Faire du Gris
Ecoutant voici quelques
jours une émission à la radio sur l'édition, les livres et les revues, j'ai
enfin compris, découvert, une vérité que je soupçonnais sans parvenir à la
faire venir au jour.
Des graphistes, charmants
au demeurant, expliquaient que dans leur jargon de métier, un livre de textes
et d'images, se mettait en pages en planifiant tout d'abord les illustrations,
puis en calculant l'espace accordé à ce qu'ils nommaient " le gris ".
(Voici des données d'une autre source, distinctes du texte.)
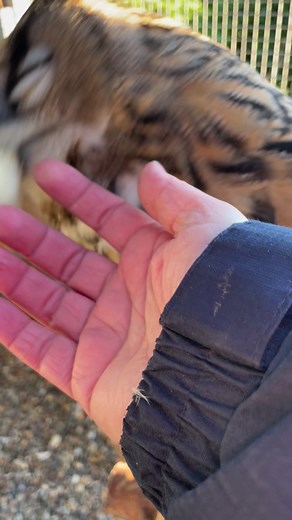 Got to give my little lady the attention she deserves from this little love bug. It’s almost a lady and a tramp moment…… apart from I’m not a lady, I’m a big sexy boy #romance #lovebug #romantic #breedingseason #imsexyandiknowit#eartufts#animalears#eeo #norfolk #codey #codeytheeagleowl#eagleowl#フクロウ#eagleowls#owls #iloveowls#owllover#owlstagram_feature #owlstagram#owlyouneedislove #owlstuff#owllove#owlobsession#owlart#owleyes#owlsome#owladdict #owlobsession #owlobsessed#justagirlwithherowl#falco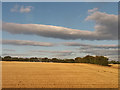 Fields south of Danby Wiske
Ce fameux gris n'est autre
que le texte pondu par de pauvres tâcherons, dont j'ai fait partie, et qui se
sont en général appliqués à écrire sur un sujet de commande certes et en
général, mais avec tout leur cœur et éventuellement un peu de talent.
Ce gris n'est pas lu pour
la plupart du temps, sauf lorsque le texte est l'œuvre d'un écrivain célèbre,
ce gris ne sert en fait que de faire valoir aux illustrations. Et bien voilà
que j'ai envie aujourd'hui de rendre hommage à tous les faiseurs de gris,
scribouillards de petite main, nègres de toutes les couleurs.
Ces jours de fêtes sont
propices aux cadeaux de beaux livres. Alors je vous en prie, même si la plume
qui accompagne les magnifiques illustrations n'est pas de haute naissance,
lisez un peu du gris qui a coûté de la matière grise au pauvre écrivaillon qui
l'a barbouillé.
Et puis une dernière réflexion qui me vient : il y a encore pire que
d'écrire du gris, c'est écrire du blanc.
A savoir écrire pour rien ni pour personne.